RAW DATA:
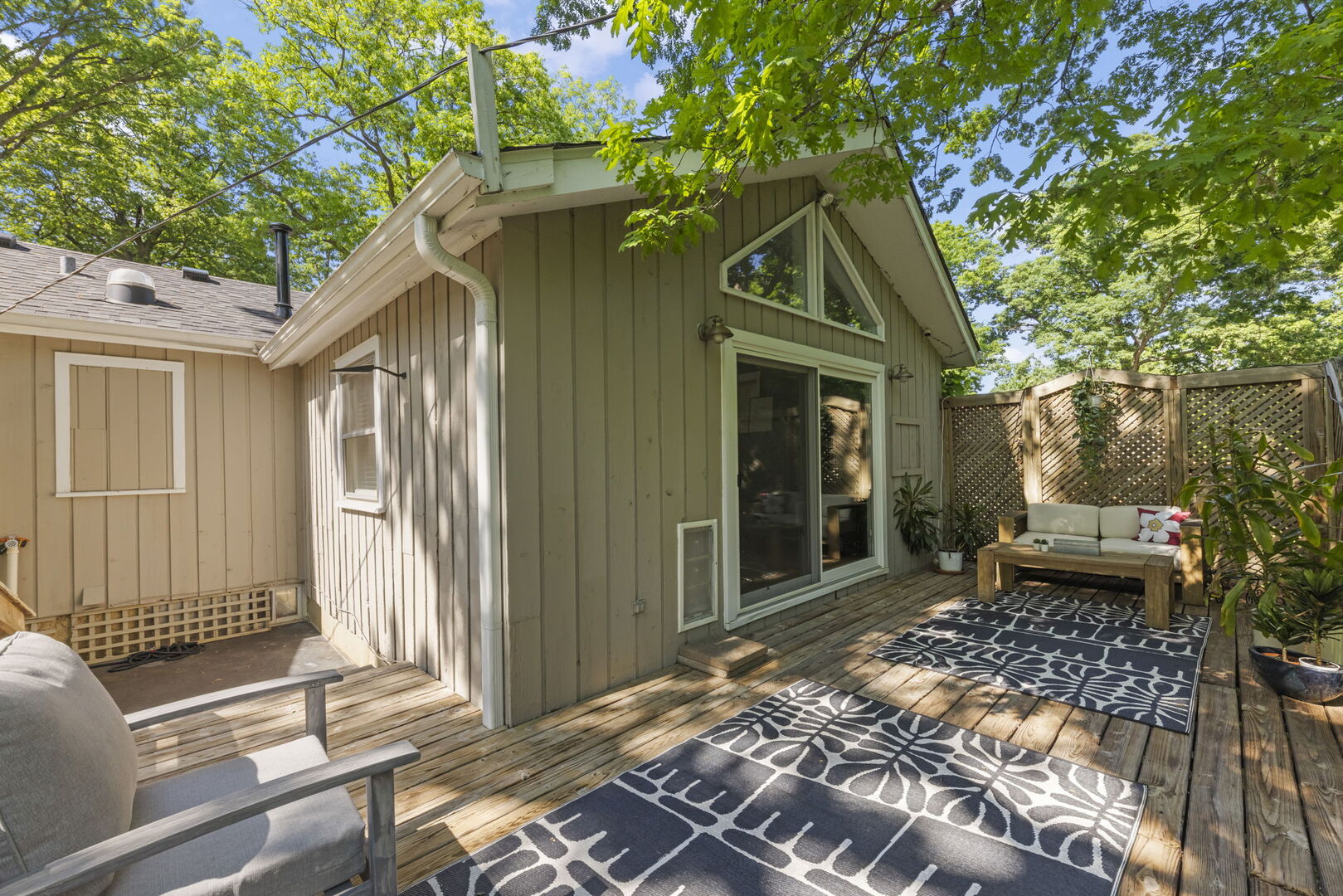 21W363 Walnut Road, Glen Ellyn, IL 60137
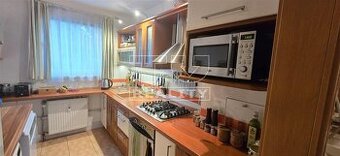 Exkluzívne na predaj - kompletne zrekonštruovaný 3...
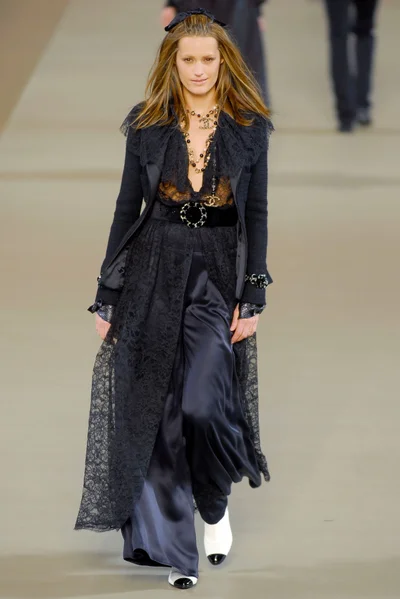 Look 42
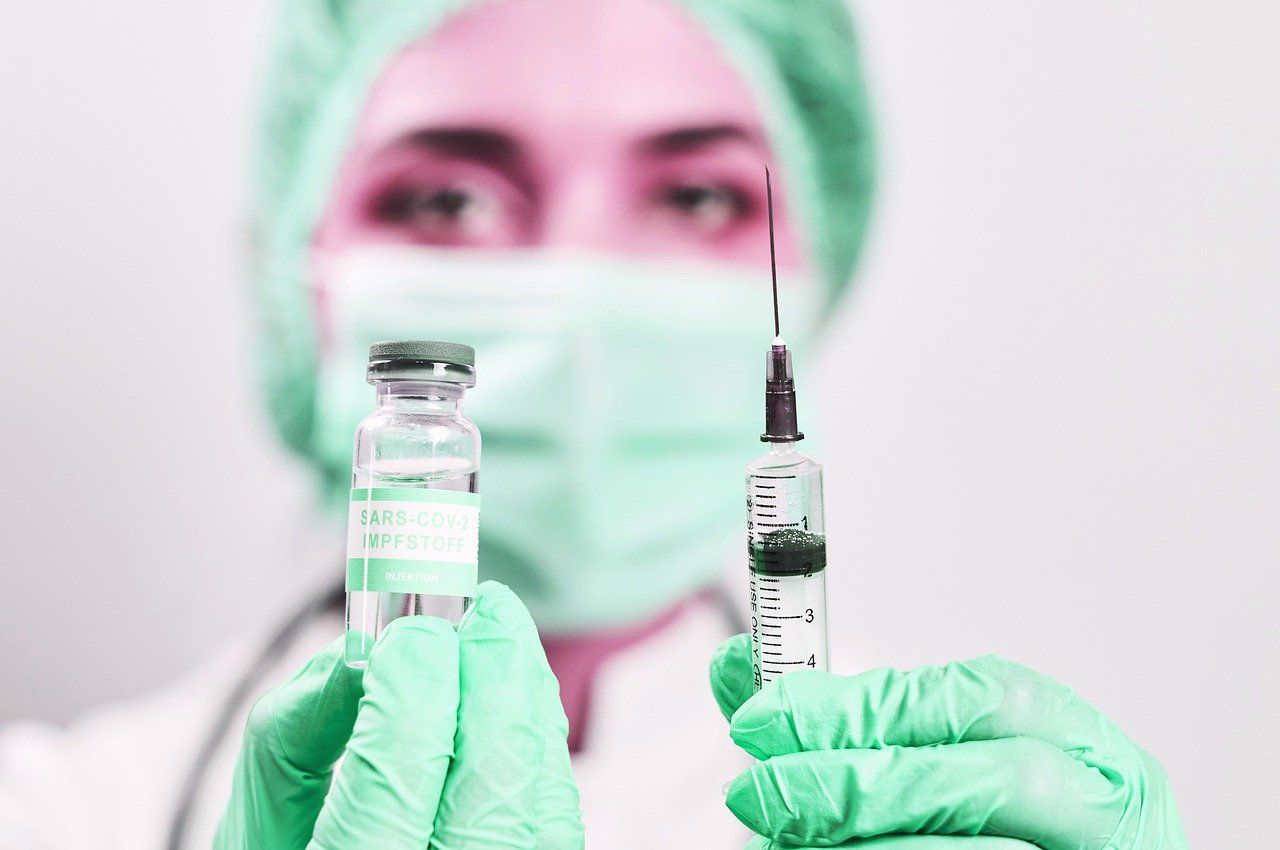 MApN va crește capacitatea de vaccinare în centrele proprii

REQUIRED WORK:
Take the listing above and retype it exactly. Its pictures are to be omitted.

YOUR SOLUTION:
 21W363 Walnut Road, Glen Ellyn, IL 60137
 Exkluzívne na predaj - kompletne zrekonštruovaný 3...
 Look 42
 MApN va crește capacitatea de vaccinare în centrele proprii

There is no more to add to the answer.